Let's talk about loneliness

Winter is no less lonely than any other time of year…

But why does it make us feel lonelier?

Perhaps it’s the dark evenings, perhaps it’s when the Christmas adverts start, perhaps it’s when everyone else seems to start getting party invites… 

The fact is that more young people than ever feel lonely. A recent survey by the BBC suggests that 40% of 16-24 year olds would say they feel lonely. 

Most of us check our social media pretty often, and it looks like everyone else is having an amazing time doesn’t it? Pictures of them with friends at a party, on holiday with their family, chilling with friends that we don’t know, checking into the cinema with their partner…it looks like they aren’t lonely at all doesn’t it?
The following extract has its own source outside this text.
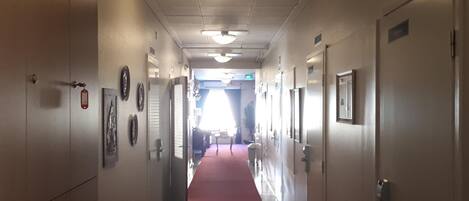 A hotel hallway with a red carpet, doors on both sides, and a ceiling with recessed lighting.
The reality is far from it – some people have many acquaintances to make it look like they aren’t lonely. They fill their lives with people who aren’t really friends and people they possibly don’t even trust much because they want to block out that feeling of loneliness.

Some people struggle to make friends and their online friends are the ones they talk to most because they can ‘pretend’ to be something they aren’t… but then end up feeling lonelier.

The common factor in the increase of loneliness in young people, is the rise in social media use because it doesn’t often create deep, meaningful friendships that are based on trust and shared lives. Ironically social media makes us feel lonelier, not less lonely.

So, let's look at some of the ways you could combat feeling lonely: 

1️⃣ Seriously reduce your social media time.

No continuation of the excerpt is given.